# Looking for a sweet honey glazed Beef jerky recipe.



## oregonfisher (Apr 5, 2017)

New member here. Got a Masterbuilt smoker for Christmas. Have been using it for salmon with great results. I've been trying to do beef jerky in it, I've been using a Hi Mountain cure from Cabalas and haven't been totally satisfied with the taste. I'm manly looking for a recipe for a sweeter honey glazed jerky. Also would like to know how long and what temperature to use? Thanks.


----------



## crazymoon (Apr 6, 2017)

OF, Welcome!
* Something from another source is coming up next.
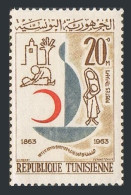 Tunisia 438, MNH. Michel 622. International Red Cross Centenary, 1963. - Tunesien (1956-...)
If you hit the search bar above in the right hand corner(magnifying glass) you will get recipes, tips, temps and times for jerky


----------



## firewolf (Sep 3, 2017)

Hi OF,

Not sure how your jerky is going, but I bought my Masterbuilt smoker around the same time you posted this question.

This recipe has been my favorite so far

1 cup brown sugar

Pour in rice vinegar until it covers the brown sugar

1/2 cup soy sauce

1/2 cup mirin (sweetened sake)

2 tbsp minced garlic

1 tbsp minced ginger or a little less than that of ground ginger (I don't follow exact measurements)

1 tsp of ground black pepper

Optional: 1/3-1/2 cup apple juice

Optional: Before I pour in the marinade, I usually toss in 5-6 pieces of meat drizzle honey on them, then repeat until done.  Then pour in the marinade.

Also, if you are a cure fan, you may add a cure to this or a pinch of salt, but not too much.

I marinade the meat in ziplock bags for 24-48 hours - preferred 48.  At least twice during this time I pull it out of the fridge and massage it around.

After pulling them out of the bag, I *pat* them to get the excess liquid off (too much liquid = it all runs off in the smoker and takes the seasoning with it).  Then I generously sprinkle, but don't completely cover, and gently pat/rub on a seasoning.

If I want it somewhat spicy, I use McCormick's Sriracha Black Pepper.  Love this stuff.

If I want sweeter, I use McCormick's Brown Sugar Bourbon.  Love this as well.  Sometimes I use both.

Cooking/smoking: I put the temp up to 200 with wood chips to get the smoke going, then before the first batch goes in, I drop it to 160-170.  Don't worry about what the actual temp is, because you'll probably open the door a few times and the temp will drop to that.

Now I have the cold smoker attachment that I use as well, so if you have that, use that and occasionally fill the chip loader internally on the main smoker.  I keep it around 160-170 for 3-3.5 hours, rotating the racks halfway through this.  You may have to rotate some pieces too.

After 3-3.5 hours, I turn the temp up to 185-190 for about 30-40 minutes and add wood chips.  This brings out some moisture from the meat and "glazes" it for you.  It's really nice.  After the 30-40 minutes, I drop the temps back to 150 and start rotating the pieces to put the non-glazed pieces in the back under the exhaust vent because that is the area the tends to glaze.

You may bump the temp up to 180-190 one more time, but between the 4 and 5 hour mark you will be pulling pieces out as they finish and rotating pieces front to back.  Quickest I've done is 4 hours, longest successfully was 5 hours.  I ran 5.5 hours once and it started getting a hard burned crust, though the flavor wasn't "burned", I figured it was overdone.

But the temperature alternating has worked very well.

Wood chips used:

I'm not particular to any type of wood, but the obvious work well: hickory or apple wood.

I frequently try one of the above and alternate with maple or pecan.

One other trick you can do to add glaze/sweetness is in the final hour or so, lightly drizzle honey on the pieces.  You'll want to test this and figure out what you like best.


----------